I was pointing out the foibiles of liberals. If you wish to start a thread pointing out the foibiles of phoney conservatives, I will gladly contribute to that too.

This thread has become one huge logical fallacy as people saw a need to defend a well educated, able bodied woman that has lived in the government safety net for at least 27 years and admits to begging for money at Berkely liberal rallies. No sin of any Repub you can point out will change these facts. Start a thread picking on your favorite Repub/necon and I will gladly join in if warranted.


----------



## lawyerdad (Feb 17, 2006)

JRR said:


> https://www.sfgate.com/cgi-bin/article.cgi?file=/c/a/2007/03/29/MNGUHOTSHD1.DTL
> 
> Thoughts?


We hate your freedom.


----------



## JRR (Feb 11, 2006)

lawyerdad said:


> We hate your freedom.


My Freedom?


----------



## lawyerdad (Feb 17, 2006)

JRR said:


> My Freedom?


As opposed to my irony.


----------



## JRR (Feb 11, 2006)

lawyerdad said:


> As opposed to my irony.


Ms Stillwater's freedom is the same as anyone's...

One's choices are one's chains


----------



## lawyerdad (Feb 17, 2006)

JRR said:


> Ms Stillwater's freedom is the same as anyone's...
> 
> One's choices are one's chains


Be close but not familiar; neither a borrower nor a lender be.


----------



## JRR (Feb 11, 2006)

lawyerdad said:


> Be close but not familiar; neither a borrower nor a lender be.


Reading works of fiction is a chain as well...

Cheers


----------



## clothesboy (Sep 19, 2004)

lawyerdad said:


> We hate your freedom.


*ROFLMAO! *I wish I could tell you how difficult it was to type that.:icon_smile_big:


----------



## JRR (Feb 11, 2006)

clothesboy said:


> *ROFLMAO! *I wish I could tell you how difficult it was to type that.:icon_smile_big:


CB,

If you think that was Bush's true motive, well...I've a bridge for you.

Cheers


----------



## clothesboy (Sep 19, 2004)

JRR said:


> CB,
> 
> If you think that was Bush's true motive, well...I've a bridge for you.
> 
> Cheers


?????????????????????????????????????????????????????


----------



## lawyerdad (Feb 17, 2006)

Lushington said:


> From the London Review of Books, November 30, 2000: Hal Foster, _The Great US Election Disaster_:
> 
> Does anyone know to whom one might submit such a resignation? I've been searching for the proper office or official for years, but with no luck so far.

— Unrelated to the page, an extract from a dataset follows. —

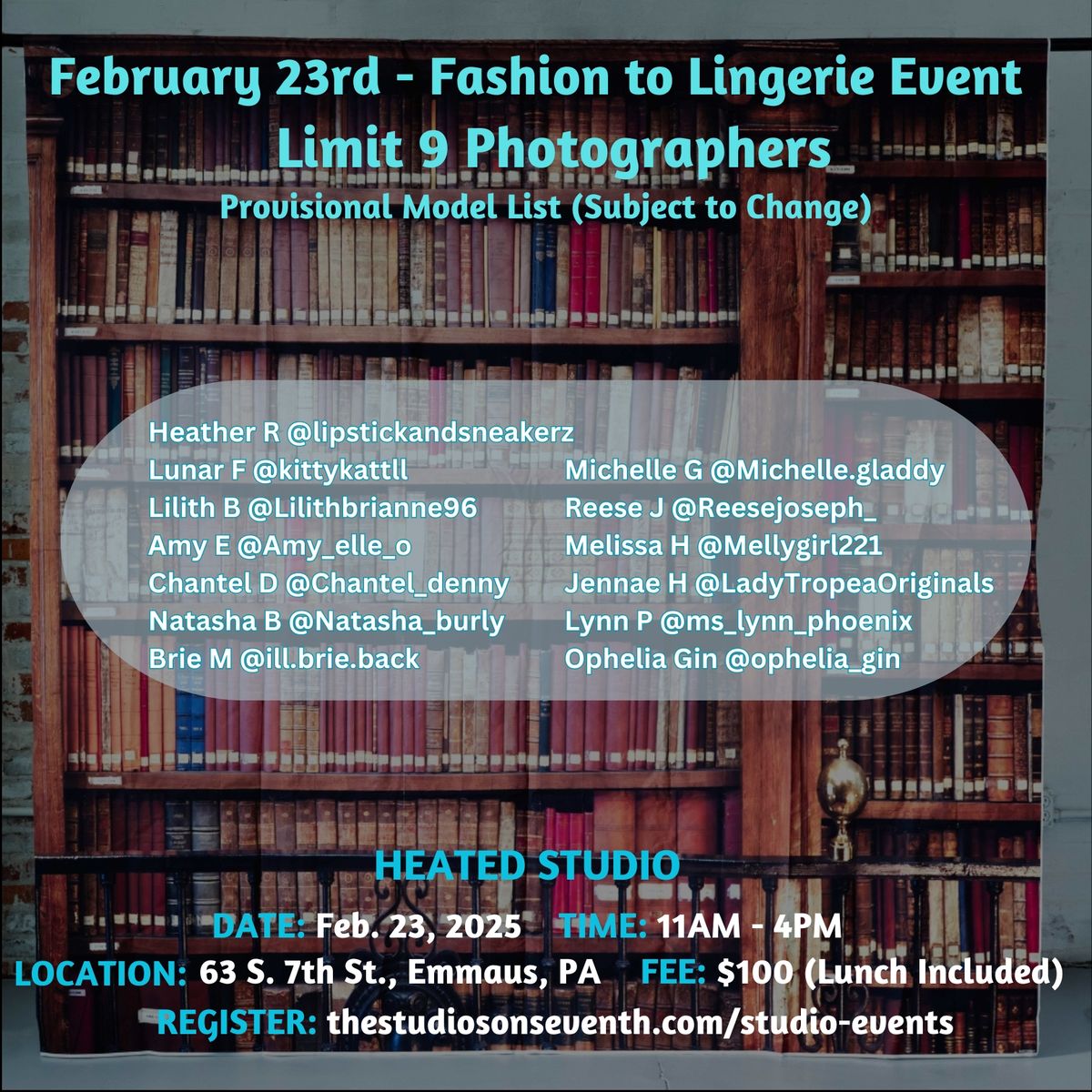 The February Fashion to Lingerie Event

I think you need a surgeon, not an "official". Plus some hormone drugs.


----------



## lawyerdad (Feb 17, 2006)

JRR said:


> Reading works of fiction is a chain as well...
> 
> Cheers


It's not fiction, it's Shakespeare.


----------



## Wayfarer (Mar 19, 2006)

lawyerdad said:


> I think you need a surgeon, not an "official". Plus some hormone drugs.


Oh boy, he gets upset when you notice his idiotic statements like that. That was the lad's manufactured reason to get upset with me in this thread. But then again, Lushie is my special friend so he might not take umbrage at your noticing his request for a sex change.


----------



## Lushington (Jul 12, 2006)

Wayfarer said:


> Oh boy, he gets upset when you notice his idiotic statements like that. That was the lad's manufactured reason to get upset with me in this thread. But then again, Lushie is my special friend so he might not take umbrage at your noticing his request for a sex change.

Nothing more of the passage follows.